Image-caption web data

------------------------------

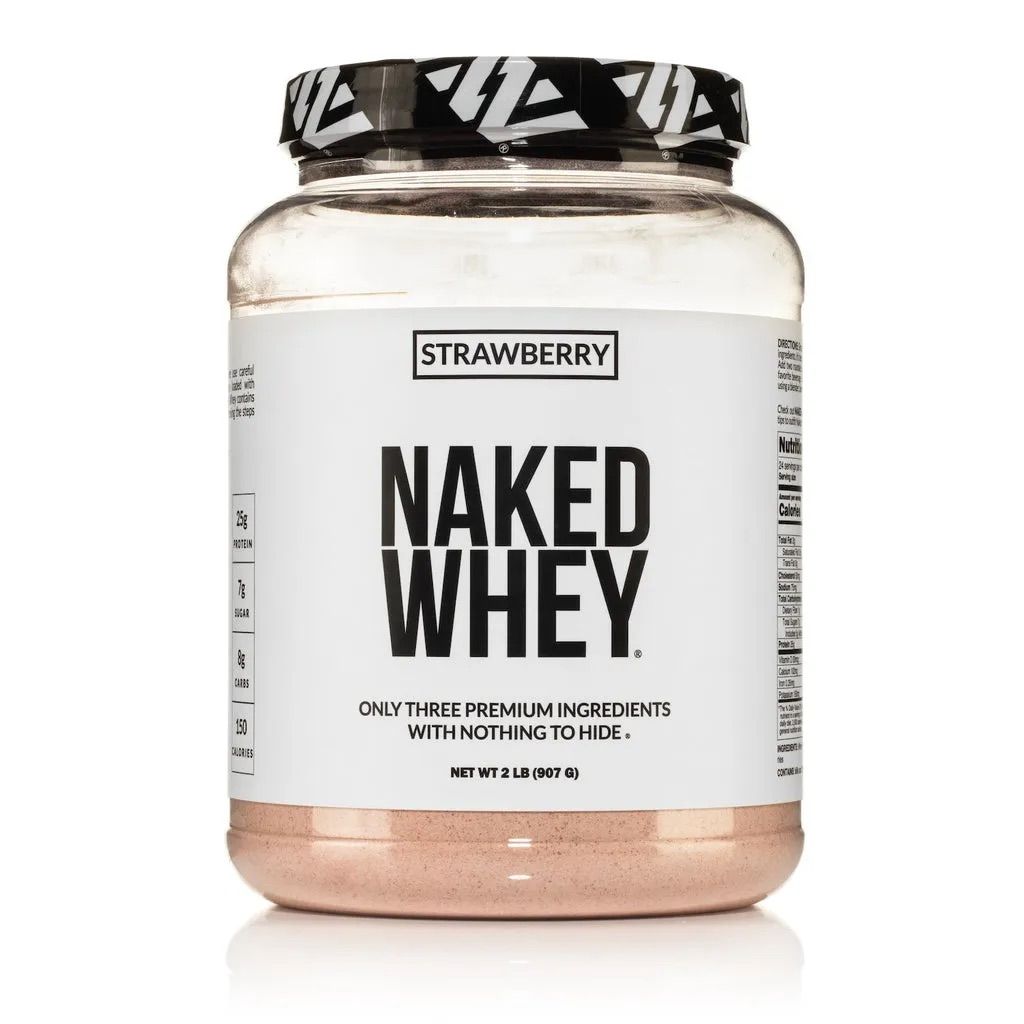 Three white jars of protein supplement powder with minimalist branding and pink-tinted product visible through glass.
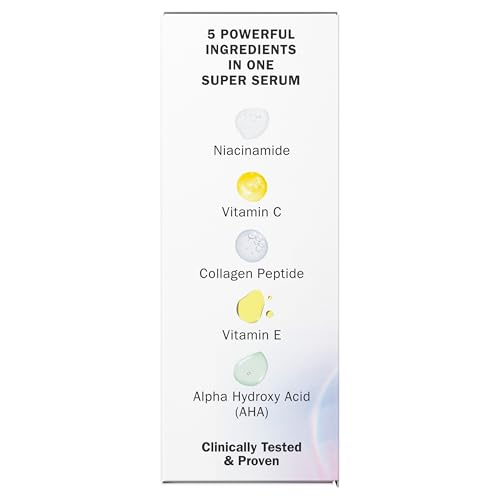 Olay Super Serum - Niacinamide, Vitamin C & E, Collagen Peptide, AHA - 5-in-1 Skin Care Benefits for Face - Healthy Glow, Brightening, Hydrating, Smoothing, Firming, Evens Tone, Anti-Aging, 1.7 Oz
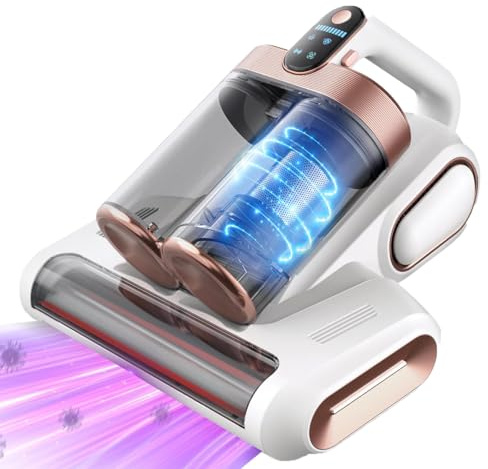 Yaasier Aspiradora Antiácaros, Aspirador de Colchones con Luz UV, Sensor de ácaros, Aspiradora de Acáros Elimina 99,9% de Bacterias Alérgenos y Ácaros Polvo Aspirador para Colchones y Sofás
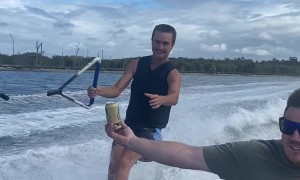 Water Skier Receives Mid-Training Protein Shake
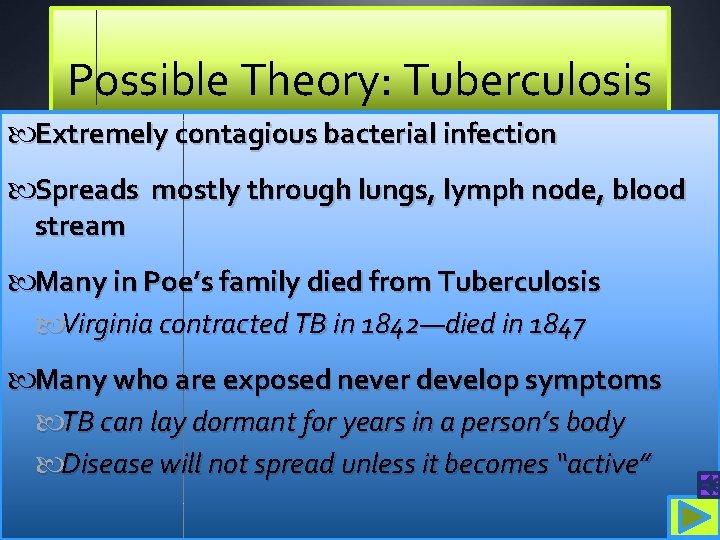 Possible Theory: Tuberculosis Extremely contagious bacterial infection Spreads mostly through lungs, lymph node, blood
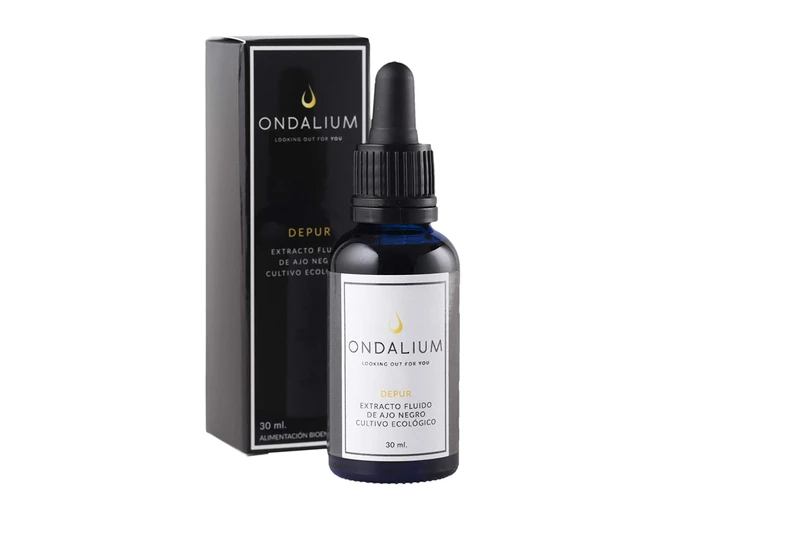Ondalium Depur | Spanish Organic Black Garlic Cleansing Fluid Extract (1 Month) - Natural Product for the Elimination of toxins and the Cleansing of the Body - 30 ml.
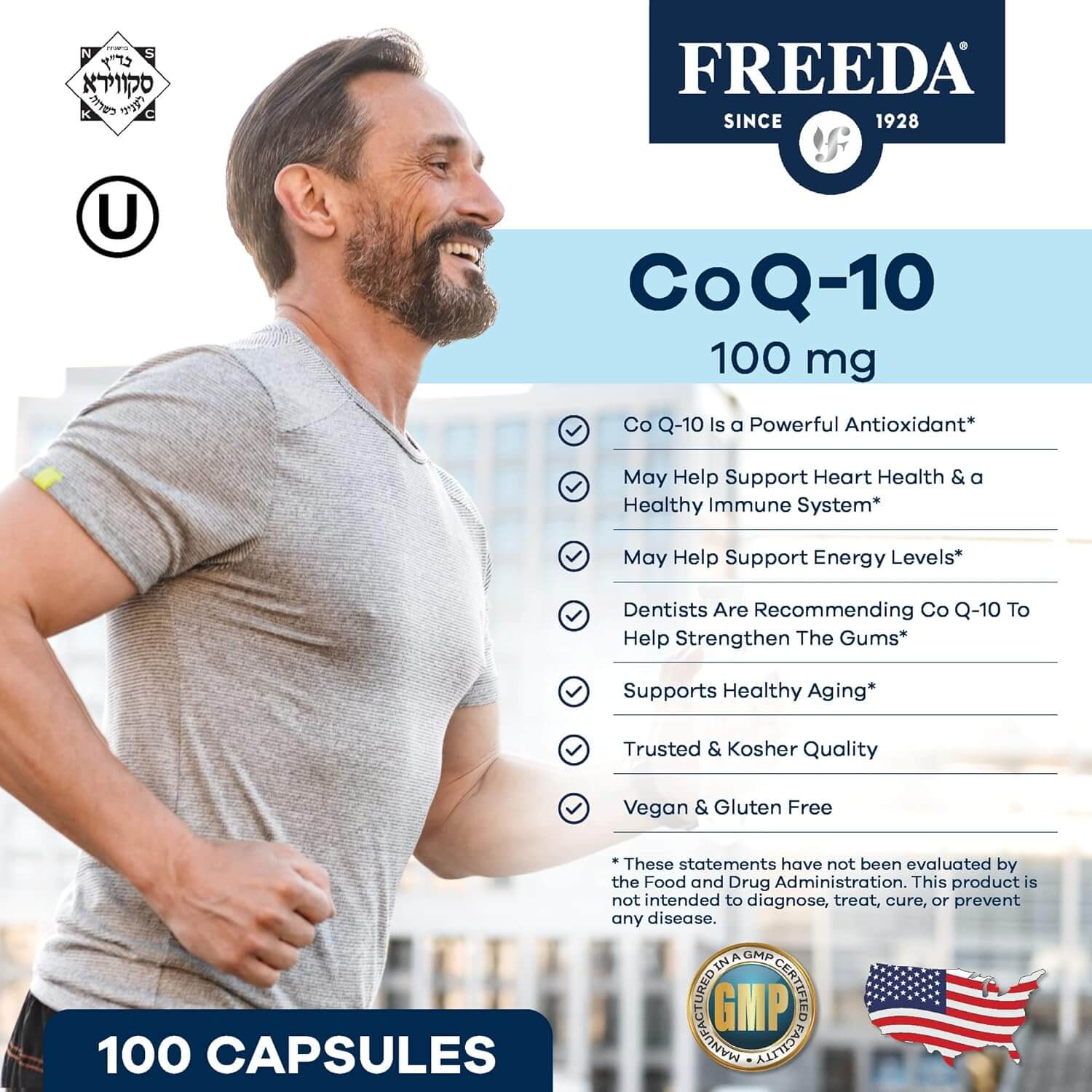 FREEDA  Coenzyme Q-10 (Co Q-10) 100 mg - 100 Capsules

------------------------------

EXERCISE AIM:
Repeat the lines exactly, starting with the line that contains "Ondalium Depur |" and ending with the last line of the entries. Keep both of those lines but no pictures.

RESULT FOR THIS EXERCISE:
Ondalium Depur | Spanish Organic Black Garlic Cleansing Fluid Extract (1 Month) - Natural Product for the Elimination of toxins and the Cleansing of the Body - 30 ml.
 FREEDA  Coenzyme Q-10 (Co Q-10) 100 mg - 100 Capsules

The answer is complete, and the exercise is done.